The verbs in red are in the past tense because they describe completed actions. They happened while something else was taking place, i.e. Aunt Em washing the dishes.

Say for example Aunt Em started washing the dishes at 10 AM. It's safe to assume she spent, say, 20 minutes washing dishes. That's a long action = past continuous.

During those 20 minutes several other short actions took place. Uncle Henry sat on the doorstep, looked at the sky etc. These actions took moments to complete (uncle Henry didn't spend 20 minutes looking at the sky) = past simple.


----------



## Elisa Pessoa

wolfbm1 said:


> That sentence is easy. Longer action and a short action.



Just to check you understand the usage of verbs like "to sit", "to look", etc.... they are action or non-action verbs.


----------



## JustKate

The reason Baum switched to simple past is, I think, because he was referring to a specific and fairly short period - the period in which Uncle Henry sat on the doorstep and looked at the sky, worrying about the weather.

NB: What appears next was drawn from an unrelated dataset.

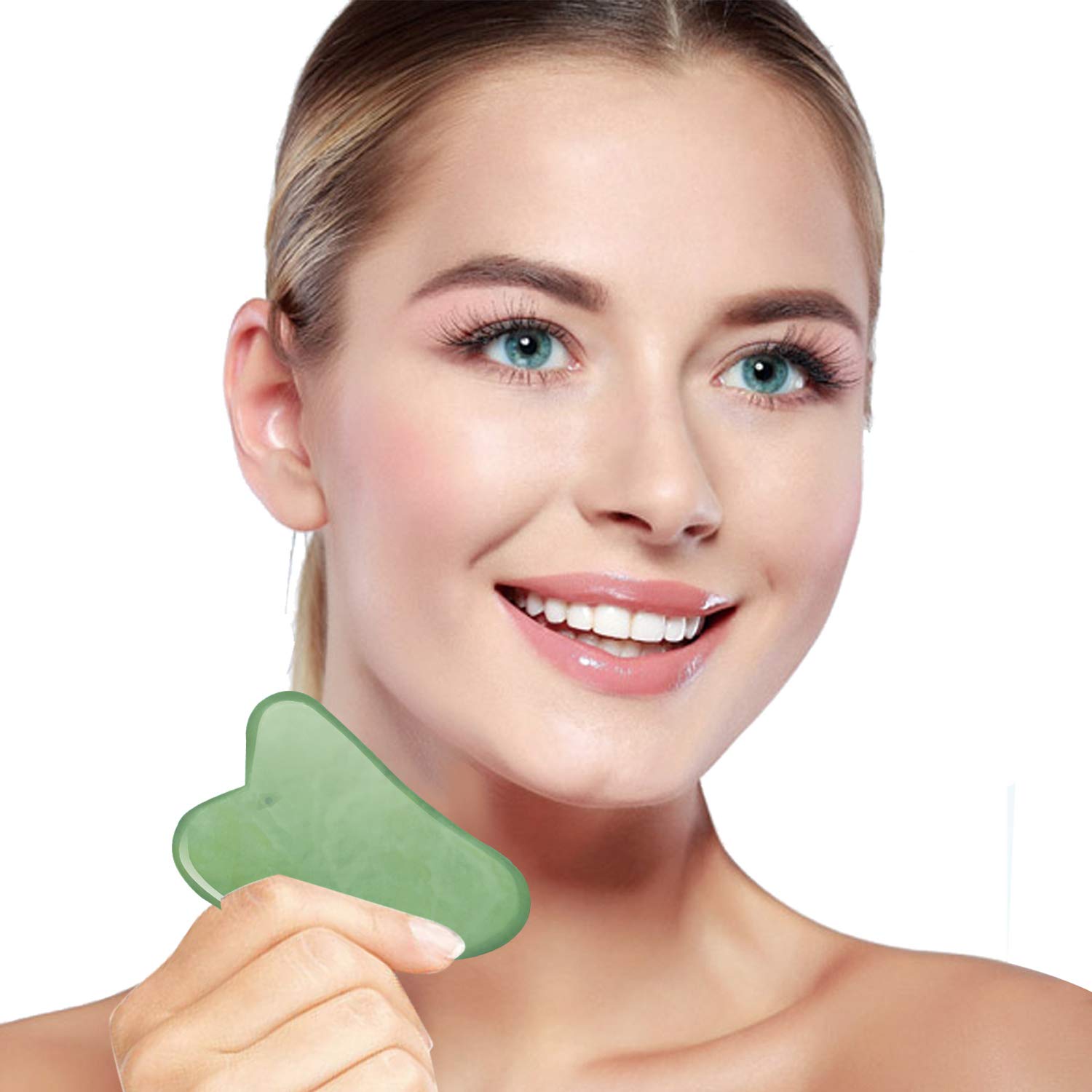 Jade Roller for Face & Gua Sha Scraping Tool, 100% Real Natural Jade Facial Roller, 2 in 1 Anti-Aging Face Roller Massager for Cheeks Slimmer, Skin Tightening, Face Firming, Rejuvenate Skin (Green)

He wasn't doing whatever he was accustomed doing while sitting on the doorstep. He was for that specific period of time doing a specific thing. I think that's why the simple past is used. The past continuous is also possible, but I think the simple past is better.

In other words, I think I am pretty much agreeing with Elisa Pessoa.


----------



## Elisa Pessoa

wolfbm1 said:


> What about this:
> "Tom and Emily were riding through the forest. The sun was shining and the birds were singing. They *looked* at the beautiful scenery in front of them."  *This one is right, too!
> 
> *


----------



## Never Ever

wolfbm1 said:


> What about this:
> "Tom and Emily were riding through the forest. The sun was shining and the birds were singing. They looked at the beautiful scenery in front of them."


Were riding - sun shining - were singing = these verbs are used in the past continuous because they are setting the scene.
Looked implies a temporary action. I'd expect to read that they stopped and looked at the scenery and then something else happened (i.e. the rest of the story).


----------



## Elisa Pessoa

JustKate said:


> The reason Baum switched to simple past is, I think, because he was referring to a specific and fairly short period - the period in which Uncle Henry sat on the doorstep and looked at the sky, worrying about the weather. He wasn't doing whatever he was accustomed doing while sitting on the doorstep. He was for that specific period of time doing a specific thing. I think that's why the simple past is used. The past continuous is also possible, but I think the simple past is better.
> 
> In other words, I think I am pretty much agreeing with Elisa Pessoa.




Believe me, I'm (re)learning with this, too. 
This brainstorming is pretty cool!


----------



## wolfbm1

JustKate said:


> The reason Baum switched to simple past is, I think, because he was referring to a specific and fairly short period - the period in which Uncle Henry sat on the doorstep and looked at the sky, worrying about the weather. He wasn't doing whatever he was accustomed doing while sitting on the doorstep. He was for that specific period of time doing a specific thing. I think that's why the simple past is used. The past continuous is also possible, but I think the simple past is better.
> 
> In other words, I think I am pretty much agreeing with Elisa Pessoa.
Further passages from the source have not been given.